Passed at the end of 2018, the act will apply to the federally regulated sector and replace the existing complaint-based system. It will also expand employer obligations, placing the onus of pay equity analysis on employers, says Natalka Haras, legal counsel at ADP Canada in Montreal.
The consultations will run until Jan. 31, 2121, and the regulations will be finalized and published in the Canada Gazette, Part II.
Ottawa estimates the new rules will come into force later in 2021, and employers will have three years to develop and implement their proactive pay equity plans.
“Everyone deserves an equal opportunity to succeed and to receive equal pay for work of equal value. Canadian women have experienced a gender wage gap for far too long. This is why our government is committed to addressing and breaking down the barriers to gender equality in employment,” says Filomena Tassi, minister of labour. “I strongly encourage all interested parties to review and provide input on the proposed regulations for the Pay Equity Act. The feedback we receive will be invaluable as we bring this important piece of legislation into force.”

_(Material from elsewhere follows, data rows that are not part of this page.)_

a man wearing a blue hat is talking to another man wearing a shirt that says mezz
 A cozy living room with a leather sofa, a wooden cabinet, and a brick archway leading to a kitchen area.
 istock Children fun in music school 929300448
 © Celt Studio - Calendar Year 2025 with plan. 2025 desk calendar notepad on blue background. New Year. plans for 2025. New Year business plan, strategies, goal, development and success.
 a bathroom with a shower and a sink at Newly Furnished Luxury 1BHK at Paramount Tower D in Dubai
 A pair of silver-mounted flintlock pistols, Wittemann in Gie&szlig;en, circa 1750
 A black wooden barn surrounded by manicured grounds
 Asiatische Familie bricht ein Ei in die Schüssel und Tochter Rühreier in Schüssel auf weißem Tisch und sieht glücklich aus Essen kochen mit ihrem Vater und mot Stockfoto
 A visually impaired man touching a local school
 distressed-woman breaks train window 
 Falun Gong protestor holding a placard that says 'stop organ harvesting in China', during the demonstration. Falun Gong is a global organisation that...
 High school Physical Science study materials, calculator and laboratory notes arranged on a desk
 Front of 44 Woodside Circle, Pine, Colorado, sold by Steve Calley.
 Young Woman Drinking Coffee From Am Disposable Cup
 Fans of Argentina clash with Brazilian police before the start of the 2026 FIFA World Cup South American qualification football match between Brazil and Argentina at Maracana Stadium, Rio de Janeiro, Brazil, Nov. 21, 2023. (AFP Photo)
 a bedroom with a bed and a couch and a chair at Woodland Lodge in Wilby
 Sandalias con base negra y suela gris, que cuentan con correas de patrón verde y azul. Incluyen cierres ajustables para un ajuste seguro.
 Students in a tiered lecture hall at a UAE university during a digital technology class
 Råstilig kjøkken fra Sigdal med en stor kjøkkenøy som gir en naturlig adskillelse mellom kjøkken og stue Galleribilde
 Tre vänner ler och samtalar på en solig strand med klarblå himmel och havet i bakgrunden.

Based on the most recent data, in Canada, for every dollar earned by a man, a woman earned 89 cents as measured in hourly wages for full-time workers, says the government.
The hourly wage gap between men and women in 2019 was still 19 per cent, although it was down from 27 per cent in 2000, according to a C.D. Howe Institute report released in January. On the other hand, ADP claimed in March this year that the gap is 24 per cent.
And if 2019 is the starting point, it will take 99.5 years to close the gender parity gap, according to the World Economic Forum.